Ways Social Media has Changed the Traditional Classroom
Many teachers used to (and still do) shun social media from the classroom, claiming it distracts students and raises privacy concerns. However, more progressive educators are realizing platforms like Facebook and Twitter are already integral parts of their students’ lives and are learning how to use social media for educational purposes in the classroom. Here are 5 ways social media has changed the traditional classroom.
It Changes How Teachers and Students Communicate
Image via Flickr by US Department of Education
For decades, students only ever expected to see their teachers in a school setting, such as during regular class hours, or perhaps for an extracurricular meeting of some kind. Occasionally teachers would give out their phone numbers to offer assistence with homework, but students rarely made calls to their educators after school. However, social media allows students to maintain a direct link to teachers outside of the classroom. This means students will be able to easily ask for help on homework assignments or projects from the comfort of their own homes. Some teachers even report shy students using social media to organize their thoughts and communicate more effectively than when they communicate verbally.
It Enhances Peer Collaboration
Image via Flickr by hackNY.org
Students working together on projects is nothing new, but the degree to which students can collaborate has skyrocketed since the advent of social media. In both grade schools and collegiate institutions, students are making dedicated social media pages and groups that provide an easy-to-use forum for discussing classroom topics and working through difficult problems together. By regulating their own public workspace and working together to solve problems, students are learning valuable team-building and communication skills that will be handy further down the road. Companies like Lenovo make hybrid laptops and tablets that are great for students who want to stay connected.

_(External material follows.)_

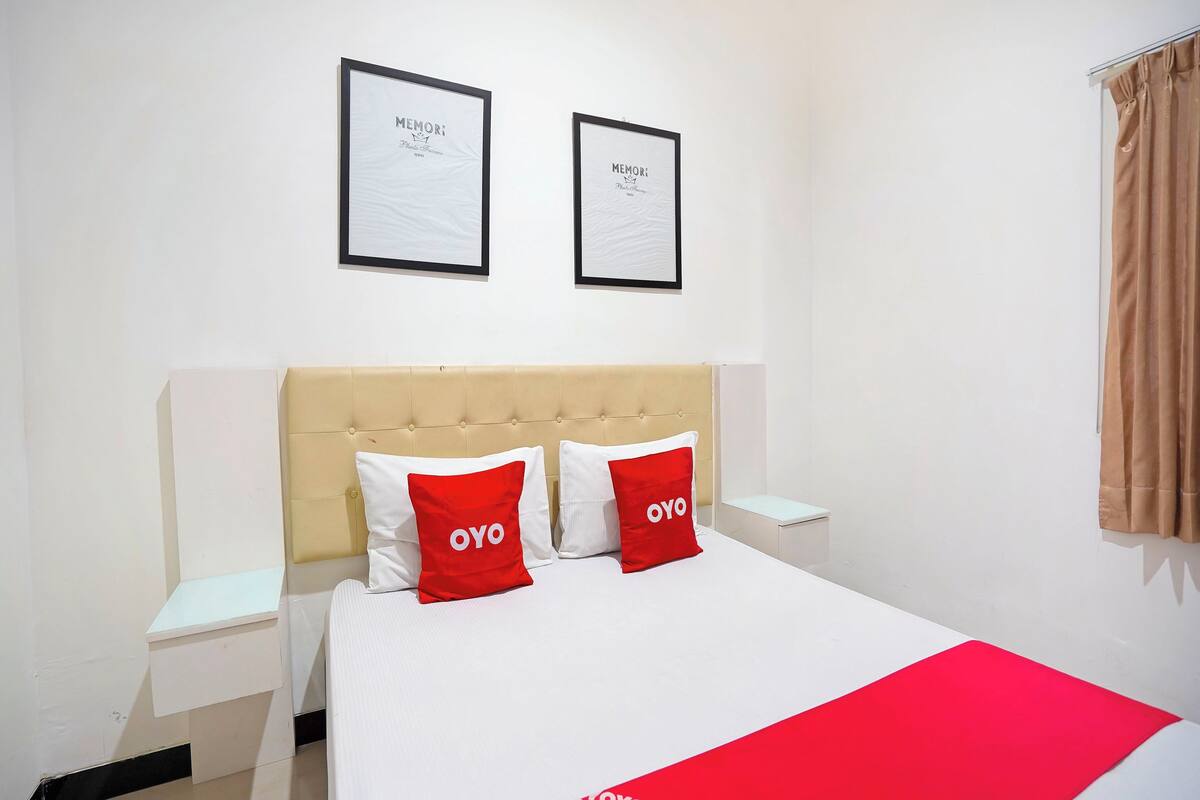 A hotel room with a bed, two framed pictures on the wall, a nightstand, and a window with curtains.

It Helps Students Follow Current Events
Image via Flickr by jurvetson
Instead of scolding students for using social media, some teachers are actually beginning to encourage their classes to use platforms like Facebook and Twitter to stay up to date on the latest current events. Teachers could encourage their students to follow particular top influencers or quality groups that relate to their subjects. “This seemed like a meaningful way to engage students in current event discussions,” said Chris Lazarski, an American Public Policy teacher.” It also seemed like a format that could be used to teach students how to use Twitter in a meaningful way.” Students who use social media to discuss the latest news will also develop their English language communication skills. Additionally, they could polish their ability to synthesize complicated information and form their own ideas and opinions through the use of such networks.
It Teaches Them Appropriate Online Behavior
Image via Flickr by wentongg
Just because students may be more accustomed to using social media than their parents or teachers, that doesn’t mean they’re equally adept with matters of maturity. When educators become more involved with social media, they’re able to spot red flags early on. For example, the i-SAFE foundation shows that 1 in 3 youths have been the victim of cyber threats at some point in their lives. Not only can teachers help prevent cyber-bullying, but can also give valuable advice about how to keep up a clean, professional profile and avoid posting things that may raise eyebrows with potential future employers.

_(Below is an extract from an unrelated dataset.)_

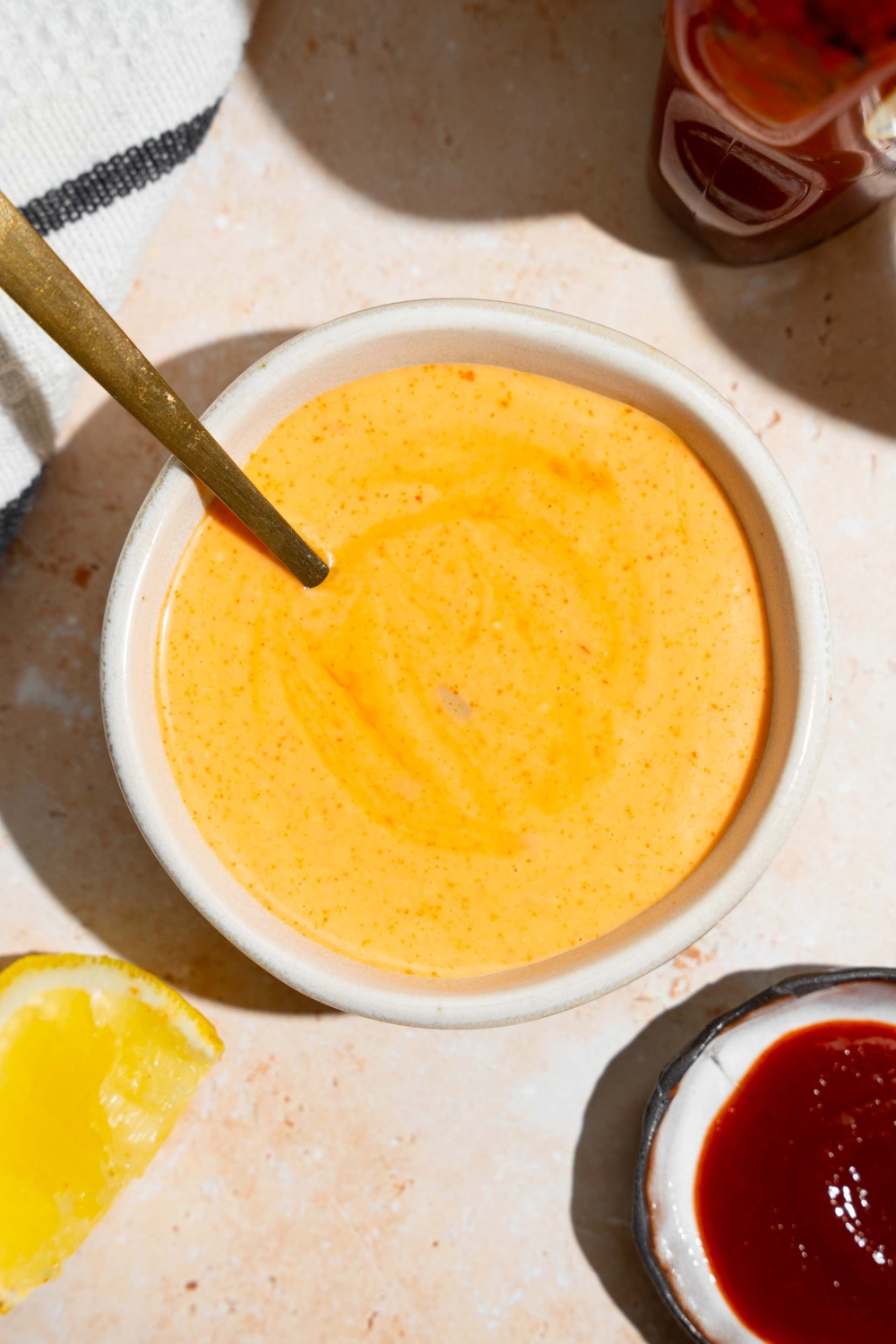 A bowl of honey sriracha sauce with a spoon in the bowl. The bowl is on a tan counter with a jar of honey and bowl of sriracha.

It Keeps Their Minds Working, Even During Leisure Time
Image via Flickr by Bombardier
Today’s generation of students are more inclined to use social media in their free time than ever before. In fact, students 2 to 11 increased their online activity by 63 percent in the past decade. Some educators recognized this growing trend and had an idea—why not augment lessons in the classroom with activities on social media sites? For example, one teacher helped create a forum through which to give students extra assignments, such as having them comment on a presidential speech or make videos about things they see on their way home that apply to lessons from the classroom.